Keep in mind...any produce (cactus included) you pick up from the store...NEEDS TO BE CLEANED! You don't want any lingering chemicals to kill your baby! Here are two GREAT sources for cactus...

www.rivenrock.com
www.tortoisesupply.com

If you buy it on ebay...dorisviola sells the only truly spineless cactus I've ever seen. You can also find good (inexpensive) deals on Mazuri through ebay.

Also! Stater Bros carries Santa Barbara Mix...this is a better option than Spring Mix...because it contains no lettuce...only endive, escarole and radicchio...ALL three are GREAT for your little one.

God luck and keep us posted on his progress!


----------



## PEEEETE (Aug 14, 2011)

DeanS said:


> Keep in mind...any produce (cactus included) you pick up from the store...NEEDS TO BE CLEANED! You don't want any lingering chemicals to kill your baby! Here are two GREAT sources for cactus...
> 
> www.rivenrock.com
> www.tortoisesupply.com
> ...


Great post! Thank you very much, Dean.
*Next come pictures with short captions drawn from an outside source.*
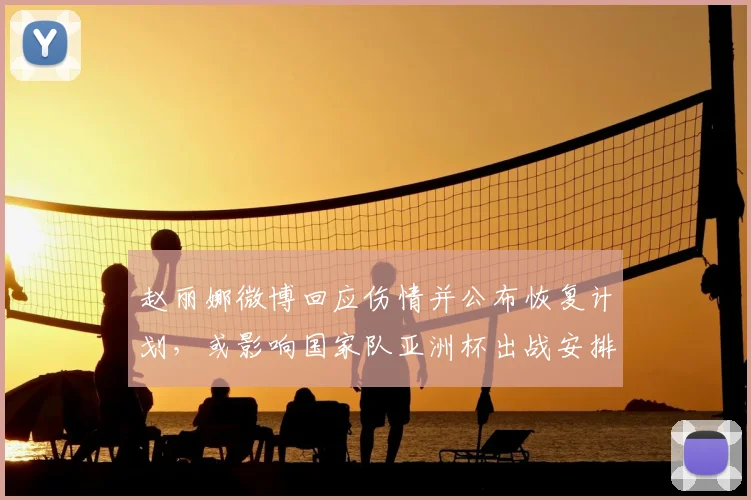 赵丽娜微博回应伤情并公布恢复计划，或影响国家队亚洲杯出战安排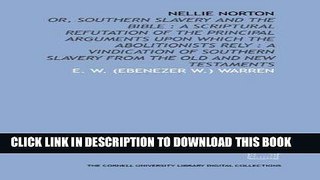 Read Now Nellie Norton: or, Southern slavery and the Bible : a scriptural refutation of the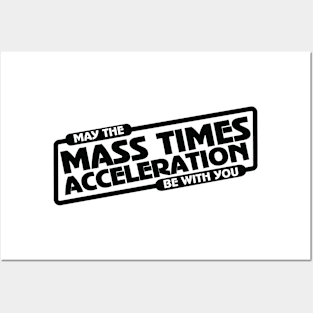 Mass Times Acceleration Posters and Art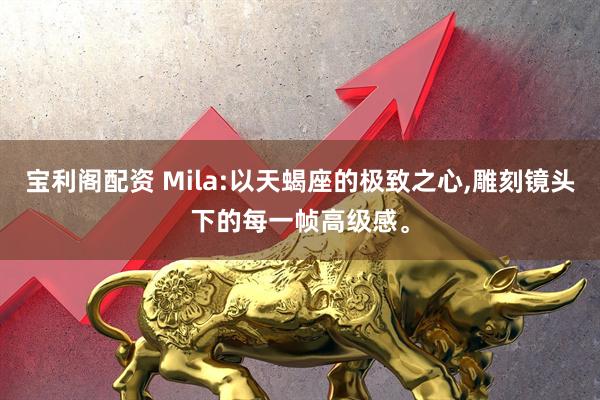 宝利阁配资 Mila:以天蝎座的极致之心,雕刻镜头下的每一帧高级感。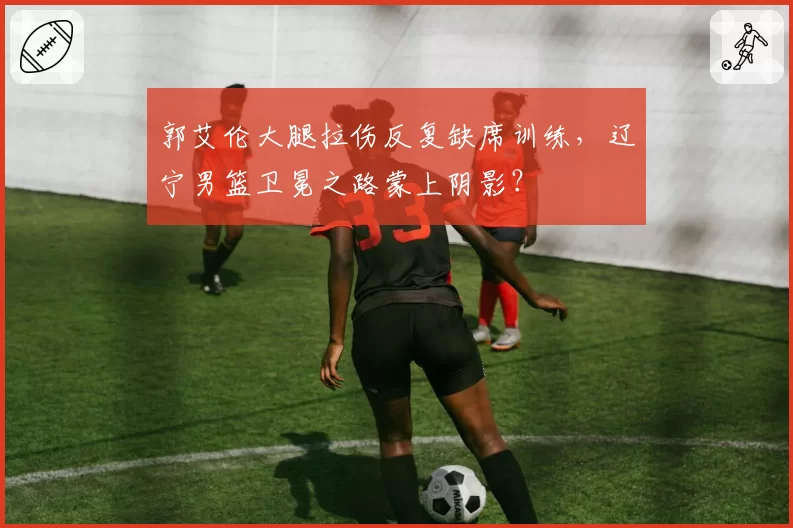 郭艾伦大腿拉伤反复缺席训练，辽宁男篮卫冕之路蒙上阴影？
I will check out all of those sources


----------



## Robert (Aug 14, 2011)

I have been happy with the cactus from DorisViola on eBay.


----------



## DeanS (Aug 14, 2011)

PEEEETE said:


> DeanS said:
> 
> 
> > Keep in mind...any produce (cactus included) you pick up from the store...NEEDS TO BE CLEANED! You don't want any lingering chemicals to kill your baby! Here are two GREAT sources for cactus...
> ...



Hey! I just noticed, you're in Vacaville. I just sent my resume to work elephants at Six Flags!


----------



## PEEEETE (Aug 14, 2011)

DeanS said:


> Hey! I just noticed, you're in Vacaville. I just sent my resume to work elephants at Six Flags!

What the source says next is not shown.